-- What you are asked to do --
Only the lines from the one containing "Infografika zobrazujúca príčiny" to the end of the data below belong in the answer, each repeated exactly; no pictures.

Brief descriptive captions
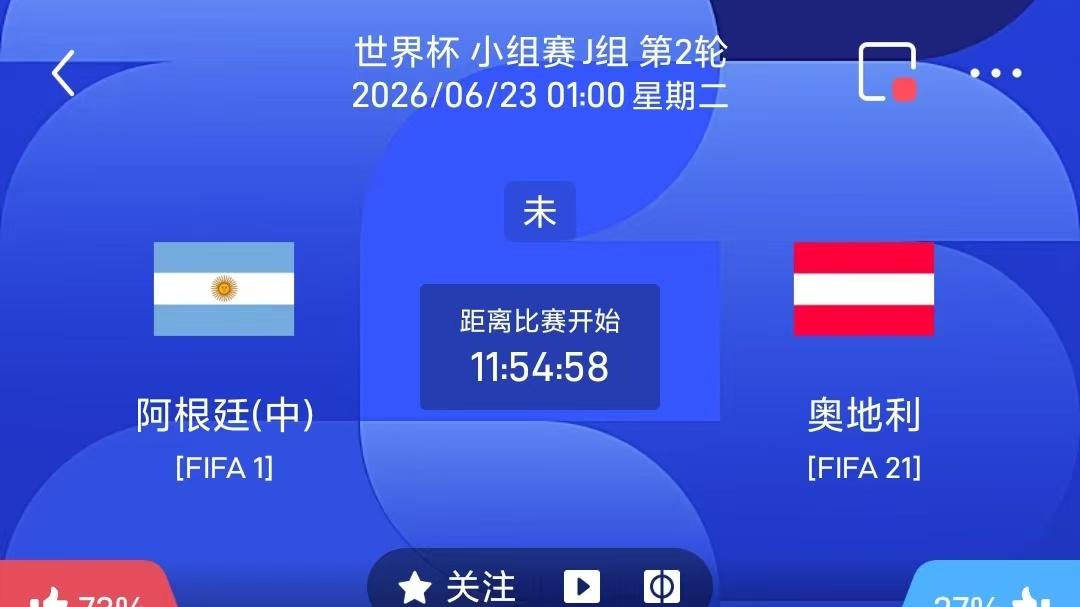 6月22日  五洲健儿齐聚绿茵赛场，以拼搏之名铸就世界杯史诗华章。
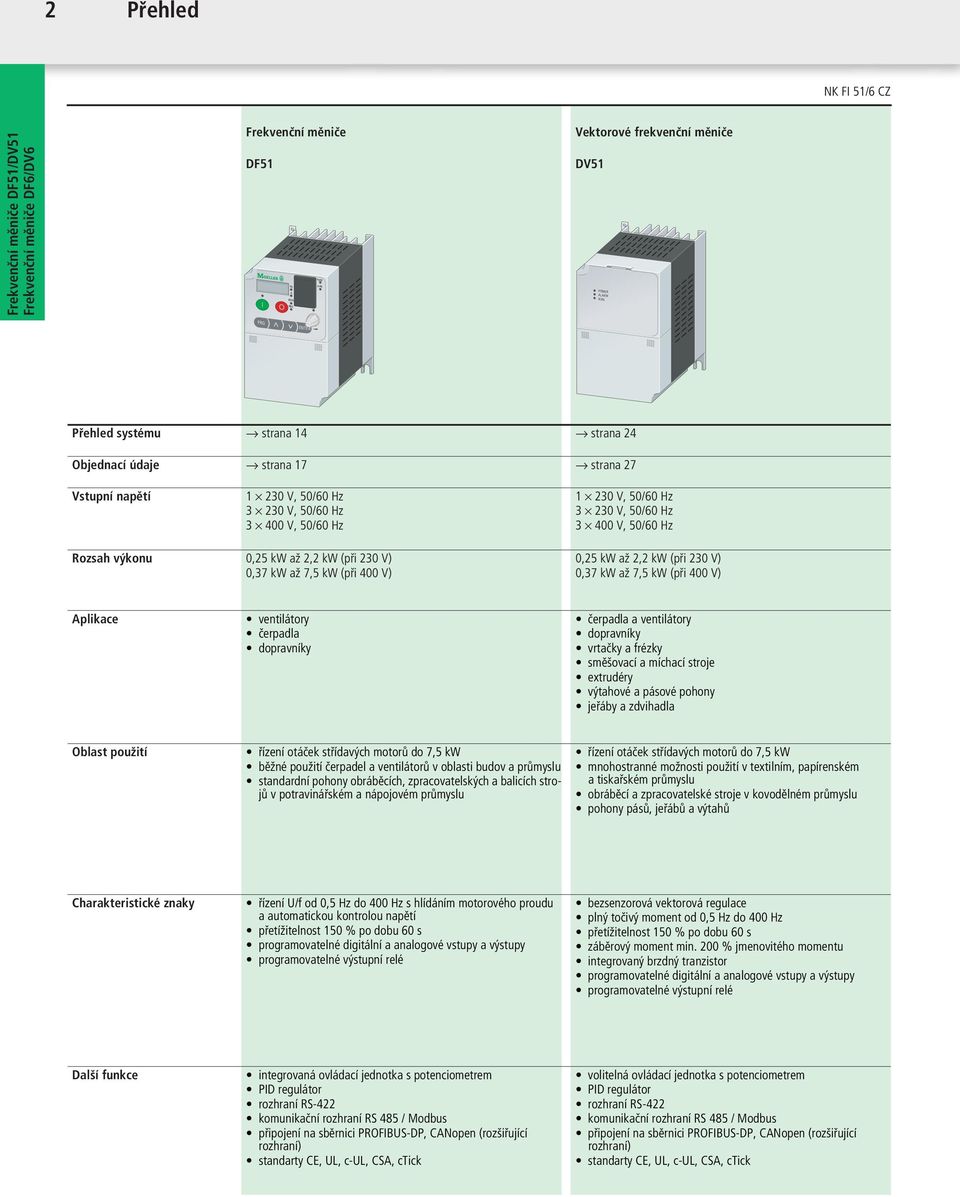 kw až 2,2 kw (při 230 V) 0,37 kw až 7,5 kw (při 400 V) 0,25 kw až 2,2 kw (při 230 V) 0,37 kw až 7,5 kw (při 400 V) Aplikace ventilátory čerpadla dopravníky čerpadla a ventilátory dopravníky vrtačky a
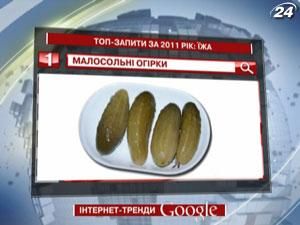 Рейтинг ТОП-запросов украинских пользователей Google: пища года Рейтинг ТОП-запросов украинских пользователей Google: пища года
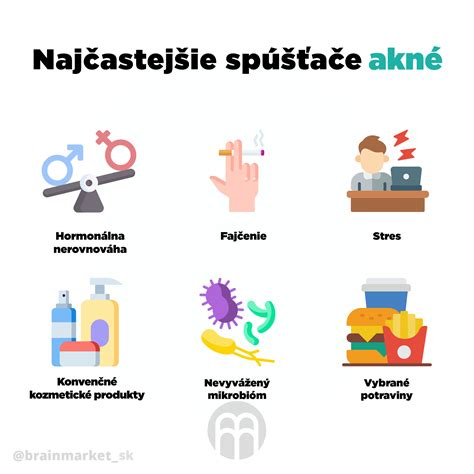 Infografika zobrazujúca príčiny mentálneho postihnutia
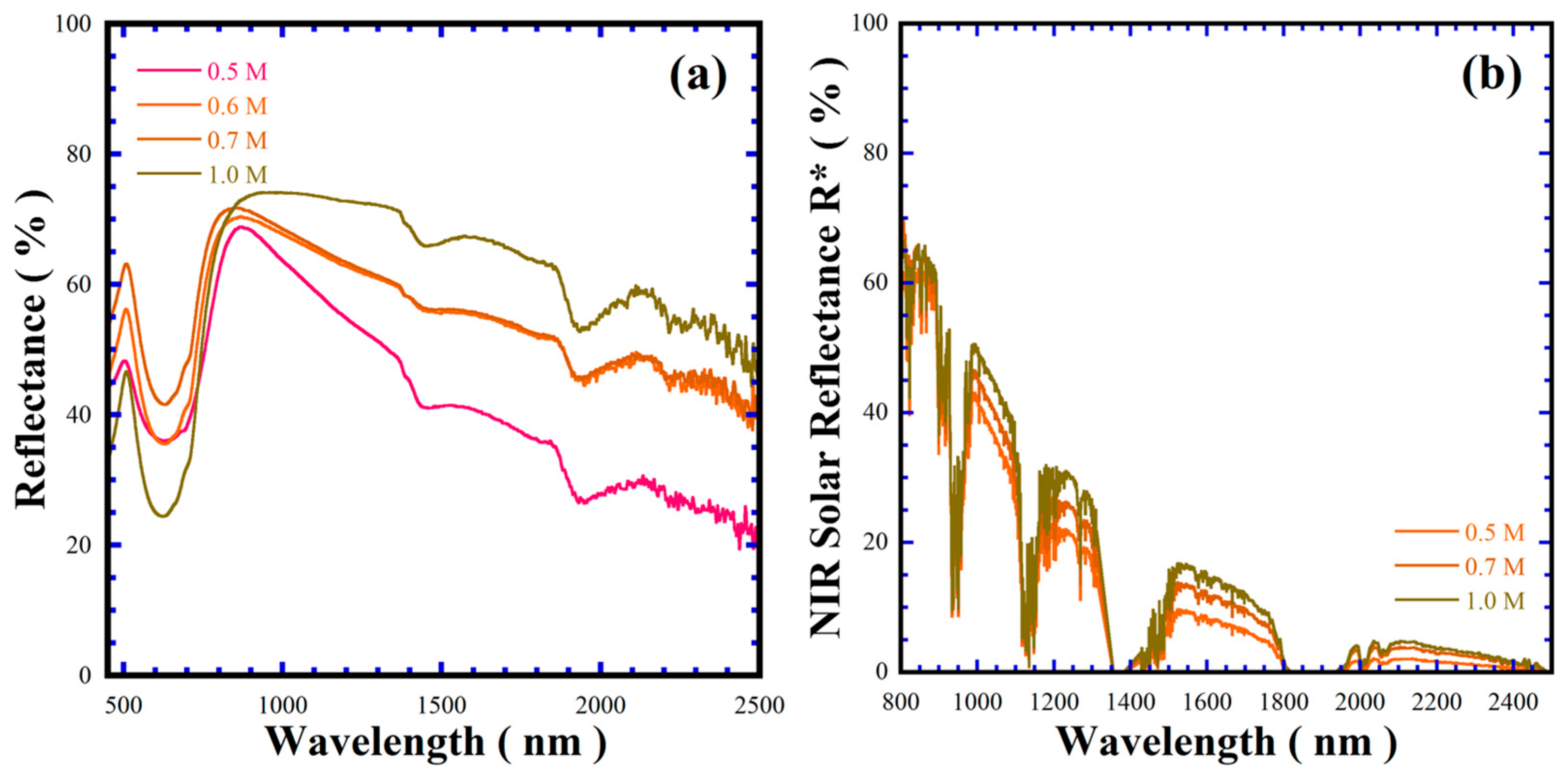 Nanomaterials 15 00982 g010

-- Reply to the task --
 Infografika zobrazujúca príčiny mentálneho postihnutia
 Nanomaterials 15 00982 g010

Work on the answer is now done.